As a temporary stop-gap until a true replacement was written (three years later), I transcribed the feature switches into an Excel spreadsheet, split into sub-sheets by categories of feature switch. A new drive program could be added in an hour or less by copying a column and making the few feature changes necessary to comply with the product specification.
At build time, a perl script generated a drive-specific features.h file. Since the generated file was smaller and contained no conditional compilation, build times were reduced by twenty minutes.
This system simplified the development of tools to compare features settings for different drives and to validate drives against specification.
I am very much aware that nobody has a monopoly of good ideas; I also see that some of the people with the best ideas tend to stay quiet in meetings. I make an effort to ensure that people are encouraged to contribute, and when I 'read' from their body language that they aren't happy about something but choose not to speak up in a public forum, then I'll have a chat with them later either to put their mind at ease about an issue, or to gain valuable input.
Working as an outside Consultant and Contractor required some deft footwork to get buy-in from the engineering teams with whom I was working. One cast-iron rule that I followed was to always give credit for people's contributions when talking with their managers, and always take appropriate responsibility when there were problems. If it was my decision to use some code that later proved problematic, then it was my fault. I can discuss how to avoid similar issues in the future with the contributor without raising a red flag for a simple error.
A significant part of my work for the past decade has been to mentor engineers and to help them build up their skill sets; after introducing Perl to WD for the DumpFile Analyzer and Features File Generator, Perl was adopted for many housekeeping tasks across several departments. I helped out engineers when asked, showing them where to find answers and how to understand the underlying problems when they ran into difficulties, rather than simply fixing the problem for them. I didn't let anyone flounder for too long, but enabled them to improve their proficiency.
Introduced Bagel Day at Callfinity. I don't think anyone realized that it was a cunning ploy to get people in early at least one day a week.
I tend to want to get everything 'just right' before releasing a new product.
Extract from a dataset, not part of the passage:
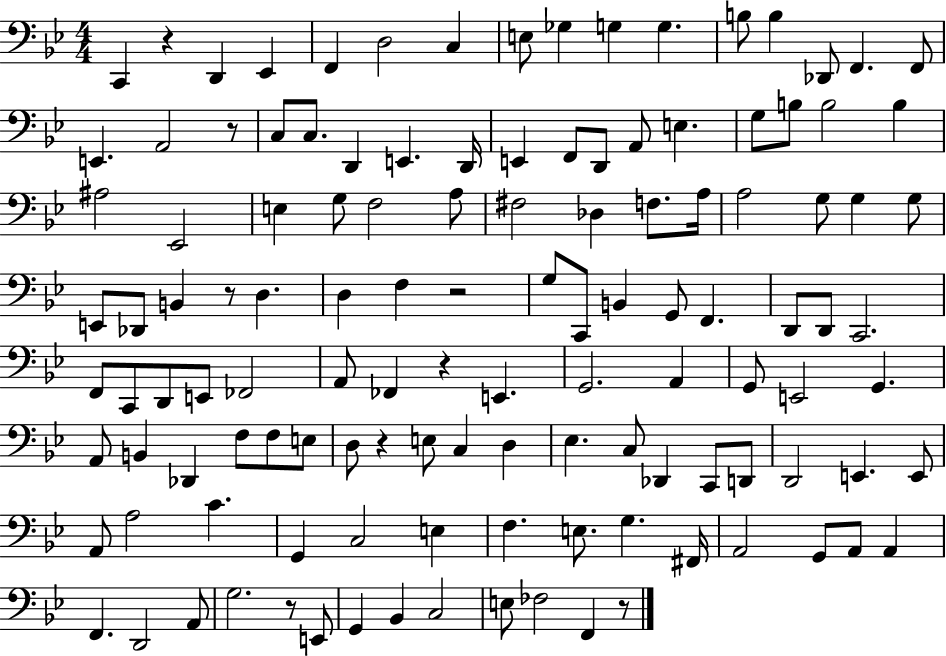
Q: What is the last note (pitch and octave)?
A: F2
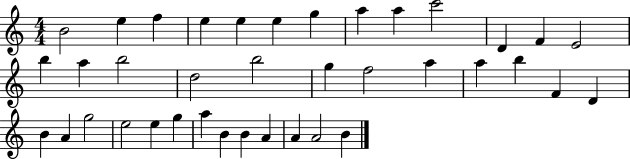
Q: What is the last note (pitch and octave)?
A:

Over the years, I have learned to become more pragmatic, until a product is released it can't earn any money for the company. Now I focus on identifying the 'must have' features and getting them presentable, then iterating the design to complete the feature set and polish any rough edges revealed once the product gets out into the real world.
When a product is released and a problem is identified, I have had to learn to resist my initial impulse to get a fix out at breakneck speed. There are two issues with this; the primary concern is that the 'fix' breaks another aspect of the product - it has to go through at least a sanity-level regression test before release - the secondary reason is that a 'quick fix' may mask the underlying issue and lead to more pain in the future. If a 'quick fix' is released, then it has to be understood that the root cause has still to be discovered, and a 'real fix' put into the code.
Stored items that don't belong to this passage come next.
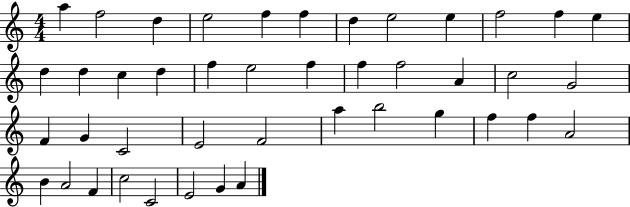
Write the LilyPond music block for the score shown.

{
  \clef treble
  \numericTimeSignature
  \time 4/4
  \key c \major
  a''4 f''2 d''4 | e''2 f''4 f''4 | d''4 e''2 e''4 | f''2 f''4 e''4 | \break d''4 d''4 c''4 d''4 | f''4 e''2 f''4 | f''4 f''2 a'4 | c''2 g'2 | \break f'4 g'4 c'2 | e'2 f'2 | a''4 b''2 g''4 | f''4 f''4 a'2 | \break b'4 a'2 f'4 | c''2 c'2 | e'2 g'4 a'4 | \bar "|."
}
I believe it is axiomatic that the only way to avoid making any mistakes in software engineering is to avoid making any progress. I also believe that engineers have different skill sets, aptitudes and competency levels, and should be guided into appropriate roles. That being said, I have very little patience with anyone who is persistently incompetent, unproductive or who consistently stifles the creative process through negativity. If someone's only talent is stating why something can't be done and if they never come up with a solution to a problem, then they should be encouraged to pursue new opportunities. I hear BK is hiring.